Há quatro mil milhões de pessoas em escassez alimentar. Ao mesmo tempo, o mundo manda para o lixo um terço dos alimentos que produz. É este desencontro que torna o desperdício alimentar sobretudo um problema moral. Mas a questão da sustentabilidade também não pode ser ignorada. Estima-se que a comida não consumida seja responsável por 6% das emissões totais de gases com efeito de estufa – mais do triplo das emissões da aviação.
Entre as várias iniciativas para tentar reduzir o desperdício, encontra-se a Phenix, uma plataforma tecnológica francesa. “Conectamos grandes produtores e retalhistas com as IPSS, agilizando as recolhas, medindo o volume de quebra diário na loja, sabendo exatamente o que temos de ir recolher e como distribuir”, explica Frederico Venâncio, diretor-geral da Phenix Portugal, na Conversa Verde desta semana. “Uns anos mais tarde, decidimos lançar a Phenix app, focada no comércio local: colocamos o excedente alimentar ou outros produtos orgânicos, como flores, num cabaz e o consumidor pode ir recolhê-lo à loja.” Esses cabazes, que podem ser, por exemplo, de uma pastelaria ou de um restaurante (como um menu do dia que sobrou do almoço, vendido ao final da tarde), são comercializados com descontos “não inferiores a 60%”.

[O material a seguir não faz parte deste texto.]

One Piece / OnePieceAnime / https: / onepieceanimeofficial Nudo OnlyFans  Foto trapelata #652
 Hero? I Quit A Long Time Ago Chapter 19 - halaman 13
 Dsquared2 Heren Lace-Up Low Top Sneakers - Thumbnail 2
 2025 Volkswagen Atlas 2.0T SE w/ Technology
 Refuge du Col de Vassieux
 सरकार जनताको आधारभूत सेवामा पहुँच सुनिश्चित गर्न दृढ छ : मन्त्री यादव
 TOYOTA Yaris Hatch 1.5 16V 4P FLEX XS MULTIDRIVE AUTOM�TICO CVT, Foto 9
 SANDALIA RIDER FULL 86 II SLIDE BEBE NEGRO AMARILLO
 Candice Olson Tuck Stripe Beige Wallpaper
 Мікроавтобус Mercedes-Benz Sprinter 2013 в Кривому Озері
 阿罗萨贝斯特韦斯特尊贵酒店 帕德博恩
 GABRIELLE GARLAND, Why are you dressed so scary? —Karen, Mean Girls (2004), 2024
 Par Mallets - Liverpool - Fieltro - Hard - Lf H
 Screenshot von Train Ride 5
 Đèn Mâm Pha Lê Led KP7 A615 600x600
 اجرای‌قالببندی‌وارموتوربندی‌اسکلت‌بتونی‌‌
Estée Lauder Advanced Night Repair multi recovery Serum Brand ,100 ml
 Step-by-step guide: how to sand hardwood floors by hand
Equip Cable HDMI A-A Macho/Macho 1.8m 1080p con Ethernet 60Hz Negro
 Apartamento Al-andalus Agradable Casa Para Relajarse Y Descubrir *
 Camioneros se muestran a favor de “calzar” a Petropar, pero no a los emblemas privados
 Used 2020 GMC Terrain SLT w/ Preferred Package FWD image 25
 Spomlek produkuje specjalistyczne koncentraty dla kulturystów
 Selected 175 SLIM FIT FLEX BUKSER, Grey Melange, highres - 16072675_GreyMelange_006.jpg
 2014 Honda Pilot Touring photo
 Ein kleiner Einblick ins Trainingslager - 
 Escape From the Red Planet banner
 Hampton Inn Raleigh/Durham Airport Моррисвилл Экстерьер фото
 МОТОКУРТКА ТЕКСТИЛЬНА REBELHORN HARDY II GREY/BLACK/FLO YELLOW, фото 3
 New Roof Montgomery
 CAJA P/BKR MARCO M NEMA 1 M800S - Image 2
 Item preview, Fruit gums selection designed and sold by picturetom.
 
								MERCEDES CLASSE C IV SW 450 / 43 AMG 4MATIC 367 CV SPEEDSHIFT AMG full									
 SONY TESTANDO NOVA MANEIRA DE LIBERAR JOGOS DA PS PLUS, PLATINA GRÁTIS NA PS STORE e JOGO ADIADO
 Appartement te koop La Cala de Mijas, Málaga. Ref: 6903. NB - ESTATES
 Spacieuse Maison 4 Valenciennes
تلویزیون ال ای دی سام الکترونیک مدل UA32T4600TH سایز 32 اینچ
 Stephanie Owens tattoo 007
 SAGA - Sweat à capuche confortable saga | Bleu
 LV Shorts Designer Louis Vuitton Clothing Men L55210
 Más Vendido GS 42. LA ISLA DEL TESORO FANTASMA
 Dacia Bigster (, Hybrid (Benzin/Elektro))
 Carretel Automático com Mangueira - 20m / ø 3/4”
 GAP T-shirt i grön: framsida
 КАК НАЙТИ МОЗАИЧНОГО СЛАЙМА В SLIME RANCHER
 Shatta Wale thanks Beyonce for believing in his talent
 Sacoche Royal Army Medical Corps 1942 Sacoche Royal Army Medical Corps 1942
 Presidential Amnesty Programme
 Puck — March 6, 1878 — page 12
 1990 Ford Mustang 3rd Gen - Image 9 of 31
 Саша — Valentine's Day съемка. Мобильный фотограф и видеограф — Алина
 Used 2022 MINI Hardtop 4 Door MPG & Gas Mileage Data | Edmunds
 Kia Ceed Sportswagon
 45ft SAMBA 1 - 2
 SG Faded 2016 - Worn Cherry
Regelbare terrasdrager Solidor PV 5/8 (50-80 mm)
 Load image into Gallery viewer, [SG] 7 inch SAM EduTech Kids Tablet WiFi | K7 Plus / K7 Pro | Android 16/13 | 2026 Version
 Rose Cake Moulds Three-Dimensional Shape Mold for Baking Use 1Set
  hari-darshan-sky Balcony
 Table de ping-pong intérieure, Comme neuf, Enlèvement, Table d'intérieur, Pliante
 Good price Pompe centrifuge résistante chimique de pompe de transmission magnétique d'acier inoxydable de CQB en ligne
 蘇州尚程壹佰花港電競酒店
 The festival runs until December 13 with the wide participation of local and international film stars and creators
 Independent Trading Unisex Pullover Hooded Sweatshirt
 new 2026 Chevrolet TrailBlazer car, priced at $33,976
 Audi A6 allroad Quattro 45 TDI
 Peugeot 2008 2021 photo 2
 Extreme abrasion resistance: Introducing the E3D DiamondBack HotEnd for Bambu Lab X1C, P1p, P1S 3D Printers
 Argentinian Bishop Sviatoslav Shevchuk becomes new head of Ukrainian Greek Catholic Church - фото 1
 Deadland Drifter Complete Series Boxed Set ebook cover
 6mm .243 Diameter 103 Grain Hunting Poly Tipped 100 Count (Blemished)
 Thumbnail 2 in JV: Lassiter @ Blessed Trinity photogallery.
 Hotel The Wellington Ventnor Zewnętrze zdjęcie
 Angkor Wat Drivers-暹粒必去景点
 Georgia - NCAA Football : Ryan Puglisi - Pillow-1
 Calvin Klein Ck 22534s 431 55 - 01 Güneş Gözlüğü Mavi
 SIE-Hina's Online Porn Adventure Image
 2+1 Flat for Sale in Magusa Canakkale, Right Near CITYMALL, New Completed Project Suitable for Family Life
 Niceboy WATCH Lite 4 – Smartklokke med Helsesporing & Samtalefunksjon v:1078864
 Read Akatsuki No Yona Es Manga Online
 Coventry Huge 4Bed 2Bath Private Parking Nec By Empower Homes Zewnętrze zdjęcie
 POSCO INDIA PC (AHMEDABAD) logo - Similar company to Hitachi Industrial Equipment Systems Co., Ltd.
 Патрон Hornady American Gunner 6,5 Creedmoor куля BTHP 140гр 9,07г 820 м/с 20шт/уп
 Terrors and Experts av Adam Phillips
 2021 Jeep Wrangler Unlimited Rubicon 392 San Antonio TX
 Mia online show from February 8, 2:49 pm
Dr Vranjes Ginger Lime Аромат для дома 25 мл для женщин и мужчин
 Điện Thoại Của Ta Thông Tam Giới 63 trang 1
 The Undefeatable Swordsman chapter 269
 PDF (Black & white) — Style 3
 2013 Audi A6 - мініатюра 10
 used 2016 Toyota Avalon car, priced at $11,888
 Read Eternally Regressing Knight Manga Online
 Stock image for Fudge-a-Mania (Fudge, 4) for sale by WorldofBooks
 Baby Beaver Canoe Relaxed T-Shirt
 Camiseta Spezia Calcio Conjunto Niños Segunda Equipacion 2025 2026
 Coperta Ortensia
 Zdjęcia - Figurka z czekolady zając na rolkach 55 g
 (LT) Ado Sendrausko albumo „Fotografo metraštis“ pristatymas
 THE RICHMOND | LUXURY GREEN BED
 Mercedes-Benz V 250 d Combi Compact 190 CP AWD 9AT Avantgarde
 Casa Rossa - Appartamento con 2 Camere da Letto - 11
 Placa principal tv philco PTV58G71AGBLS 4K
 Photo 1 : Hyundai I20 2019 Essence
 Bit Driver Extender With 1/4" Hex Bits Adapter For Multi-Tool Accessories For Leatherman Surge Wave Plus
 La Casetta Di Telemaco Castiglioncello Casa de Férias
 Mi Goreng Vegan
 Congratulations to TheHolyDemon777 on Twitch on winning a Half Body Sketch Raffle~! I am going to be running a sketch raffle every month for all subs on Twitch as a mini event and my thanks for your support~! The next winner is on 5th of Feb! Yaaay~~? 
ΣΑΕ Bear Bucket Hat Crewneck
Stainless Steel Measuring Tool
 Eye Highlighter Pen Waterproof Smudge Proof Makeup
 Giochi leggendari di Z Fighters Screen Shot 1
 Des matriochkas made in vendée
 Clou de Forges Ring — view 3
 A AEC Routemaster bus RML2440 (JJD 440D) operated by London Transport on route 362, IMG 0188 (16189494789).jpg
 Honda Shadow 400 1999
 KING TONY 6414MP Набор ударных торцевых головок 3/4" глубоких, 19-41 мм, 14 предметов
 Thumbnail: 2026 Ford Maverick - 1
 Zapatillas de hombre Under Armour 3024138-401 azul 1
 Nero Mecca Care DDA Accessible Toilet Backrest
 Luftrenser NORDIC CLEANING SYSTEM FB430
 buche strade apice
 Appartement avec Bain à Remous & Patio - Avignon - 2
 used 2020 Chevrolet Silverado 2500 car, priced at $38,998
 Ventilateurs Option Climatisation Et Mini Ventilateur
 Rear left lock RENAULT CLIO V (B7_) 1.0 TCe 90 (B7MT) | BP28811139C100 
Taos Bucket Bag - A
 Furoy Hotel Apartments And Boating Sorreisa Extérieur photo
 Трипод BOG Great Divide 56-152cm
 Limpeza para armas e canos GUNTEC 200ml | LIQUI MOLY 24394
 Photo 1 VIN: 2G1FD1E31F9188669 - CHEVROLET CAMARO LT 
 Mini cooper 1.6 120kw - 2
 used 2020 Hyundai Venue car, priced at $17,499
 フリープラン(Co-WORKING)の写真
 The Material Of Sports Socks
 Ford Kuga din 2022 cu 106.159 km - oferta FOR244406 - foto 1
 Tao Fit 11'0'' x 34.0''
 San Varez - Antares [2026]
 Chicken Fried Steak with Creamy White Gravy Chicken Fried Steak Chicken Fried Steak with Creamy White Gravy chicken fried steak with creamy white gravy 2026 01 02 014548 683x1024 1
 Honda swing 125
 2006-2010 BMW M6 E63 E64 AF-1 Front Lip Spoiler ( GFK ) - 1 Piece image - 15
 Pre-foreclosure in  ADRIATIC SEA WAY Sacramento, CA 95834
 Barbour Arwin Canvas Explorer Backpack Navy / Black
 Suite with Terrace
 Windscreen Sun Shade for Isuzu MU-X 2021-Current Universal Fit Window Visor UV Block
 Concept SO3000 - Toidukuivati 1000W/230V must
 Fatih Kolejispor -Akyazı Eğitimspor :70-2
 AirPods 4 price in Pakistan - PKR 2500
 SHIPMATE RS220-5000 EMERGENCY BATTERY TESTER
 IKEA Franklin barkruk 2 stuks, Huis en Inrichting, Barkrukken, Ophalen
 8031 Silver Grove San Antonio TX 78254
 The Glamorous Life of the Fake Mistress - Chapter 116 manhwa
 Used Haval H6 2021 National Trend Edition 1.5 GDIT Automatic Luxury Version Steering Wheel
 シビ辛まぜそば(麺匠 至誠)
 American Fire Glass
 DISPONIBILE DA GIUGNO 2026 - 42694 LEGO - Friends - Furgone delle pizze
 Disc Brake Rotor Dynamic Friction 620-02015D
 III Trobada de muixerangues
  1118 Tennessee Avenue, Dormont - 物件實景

Uma das dúvidas de muita gente é qual a motivação das grandes empresas, como supermercados, em doar os produtos que se aproximam do fim do prazo de validade ou que por qualquer outra razão perdem valor comercial. A verdade é que há benefícios fiscais, que se juntam à responsabilidade social, explica Frederico Venâncio. “Os retalhistas recuperam parte do IVA dos produtos e, dependendo da regulamentação do país, vão ter um benefício fiscal com as doações. Em Portugal, pode ir aos 38%, 40%. Há outros países onde até é crime não doar. Em Portugal, o foco principal é financeira, mas também social, porque conseguimos ajudar milhares de famílias, e ambiental, ao evitarmos emissões de CO2 com o tratamento de resíduos.” O gestor garante que a Phenix já conseguiu evitar “22 mil toneladas de CO2, que corresponde a 19,5 milhões de refeições doadas”.
Dicas domésticas
O responsável da Phenix Portugal lembra que “um terço de tudo o que é produzido acaba no lixo”, o que “corresponde a uma área cultivada quase da dimensão da China”. “São números estapafúrdios, mas estamos a evoluir. Já se começa a falar muito deste assunto, embora ainda não seja muito visível. Continuamos por todo o mundo com uma cultura de prateleiras cheias. E também aí temos de trabalhar. Mas estamos a ir no caminho correto. Tenho pena que não seja falado no famoso incentivo da ‘bazuca’. Não encontramos lá nada sobre o combate ao desperdício alimentar.” Por outro lado, continua, “as pessoas ajudadas com o desperdício tentam resguardar-se, e isso também torna o tema muito menos visível.”
A maioria dos alimentos perde-se na produção, na logística e no retalho. Uma parte significativa, porém, acaba no lixo doméstico. “Trinta por cento do desperdício alimentar está nas nossas casas”, diz. “Tem de passar por nós esta cultura e sensibilização. Mas já começamos a ter outro tipo de consciência.”
Até porque não é assim tão difícil fazer a nossa parte: basta mudar certos hábitos. O desperdício em casa deve-se às nossas “não tão boas práticas, como ir às compras sem ter uma lista de compras, não fazermos um planeamento das refeições e não aproveitar os remanescentes dos produtos”, sublinha Frederico Venâncio, que partilha algumas das dicas que ele próprio começou a seguir em casa. “Com cascas e talos que iriam para o lixo faz-se sopas e batidos, casca de batata frita é ótima com maionese, o que sobra do tomate que picamos pode ser congelado e usado mais tarde noutro refogado… E compro a granel sempre que possível.”